'''
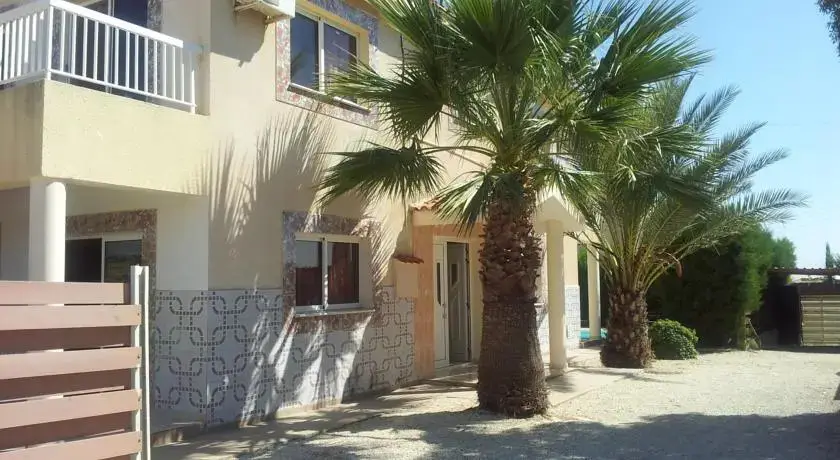 Куклия: Stefanos Villa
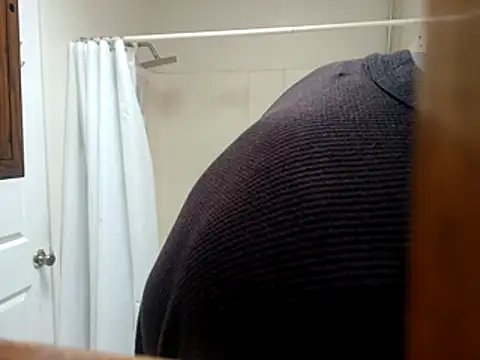 Snapshot of DevinToore chatting on 11-20-25, 09:03 DevinToore online show from 11-20-25, 09:03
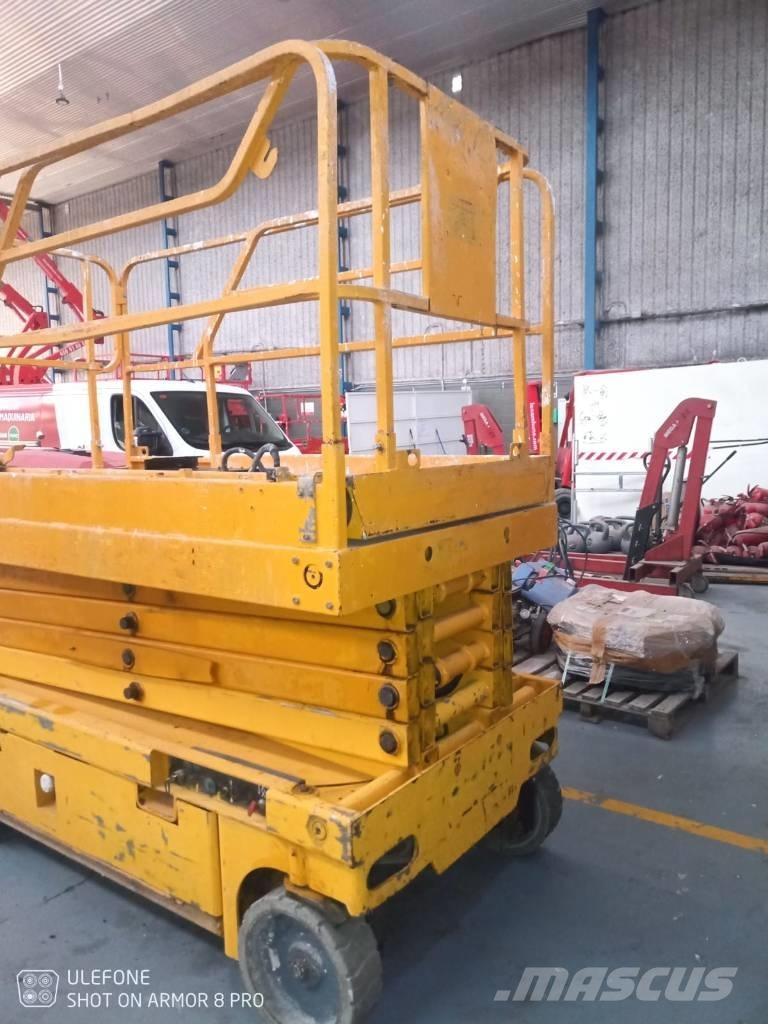 Haulotte Compact 12 Ножничные подъемники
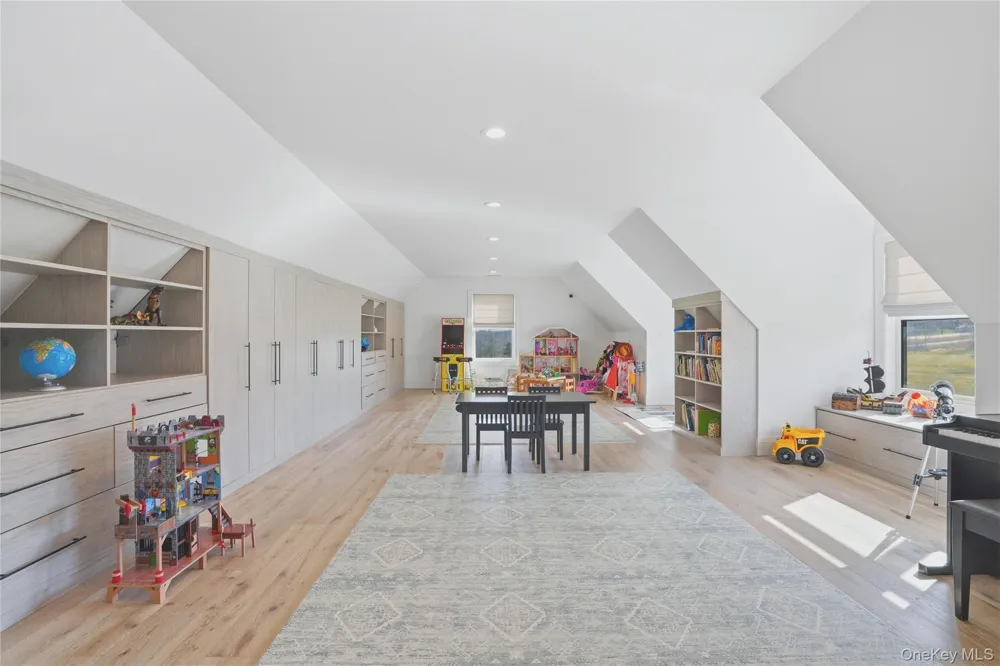 400 Bruyn Turnpike Wallkill, NY 12589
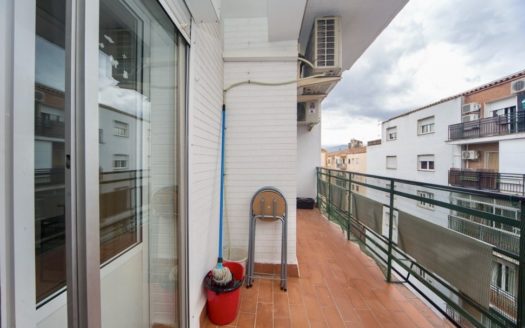 Excelente piso de 3 dormitorios y 2 baños en Plaza de Toros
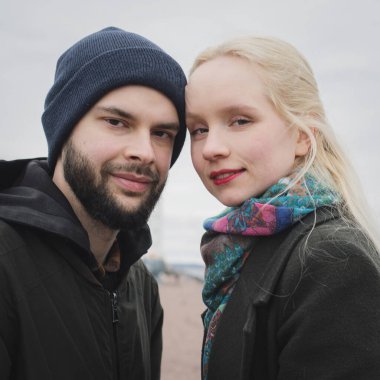 Sarışın ve dışarıda yakışıklı bir erkek olan hoş bir genç bayan. Mutlu çift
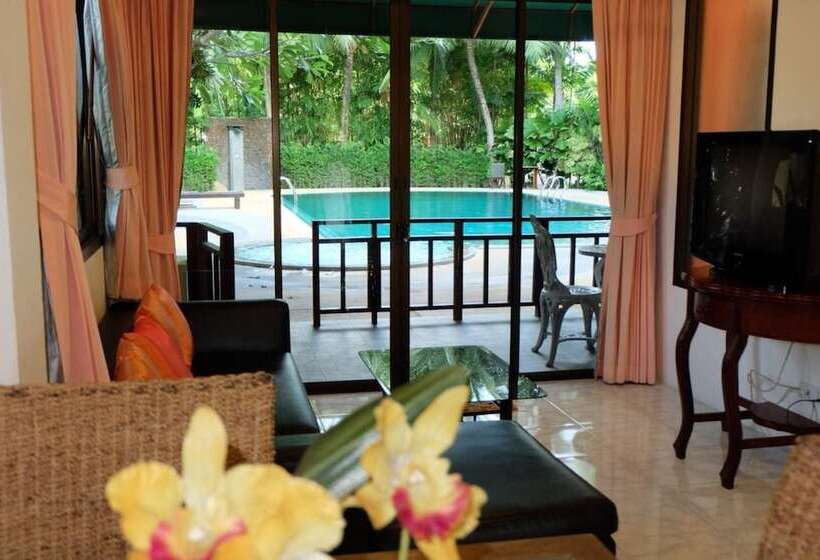 Hotelli Rawai Suites Phuket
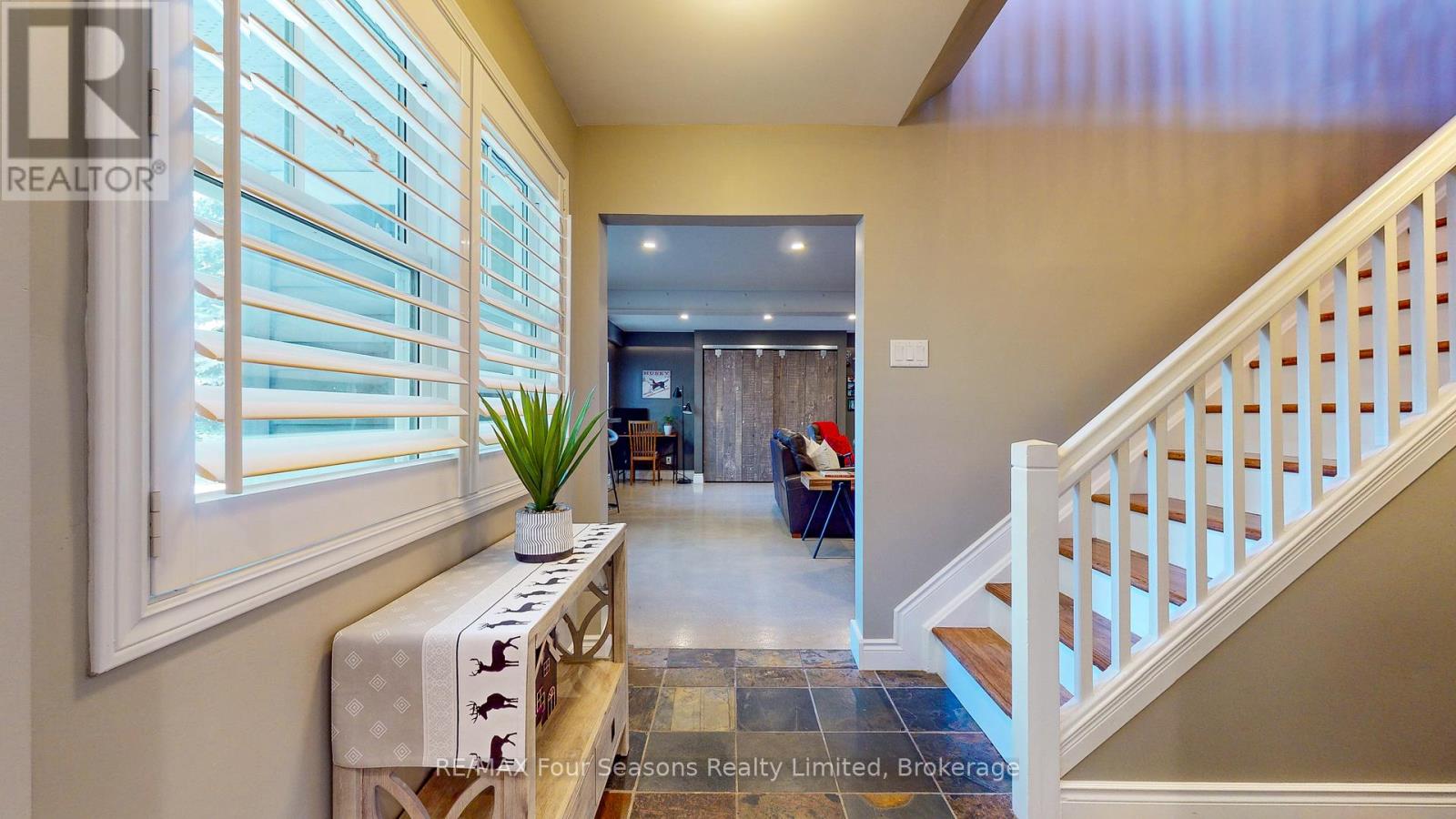 108 Liisa's Lane, Blue Mountains, Ontario  L9Y 0M3 - Photo 4 - X11906294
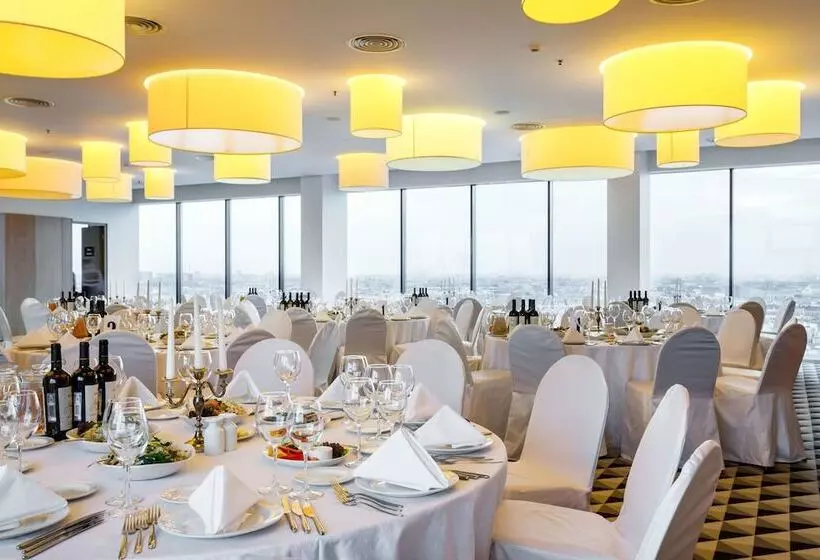 Azimut Hotel St Petersburg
'''
Your task:
Print only the lines running from the line that contains "Snapshot of DevinToore" to the final line of the listing, both included. Omit every picture.

Response to this task:
 Snapshot of DevinToore chatting on 11-20-25, 09:03 DevinToore online show from 11-20-25, 09:03
 Haulotte Compact 12 Ножничные подъемники
 400 Bruyn Turnpike Wallkill, NY 12589
 Excelente piso de 3 dormitorios y 2 baños en Plaza de Toros
 Sarışın ve dışarıda yakışıklı bir erkek olan hoş bir genç bayan. Mutlu çift
 Hotelli Rawai Suites Phuket
 108 Liisa's Lane, Blue Mountains, Ontario  L9Y 0M3 - Photo 4 - X11906294
 Azimut Hotel St Petersburg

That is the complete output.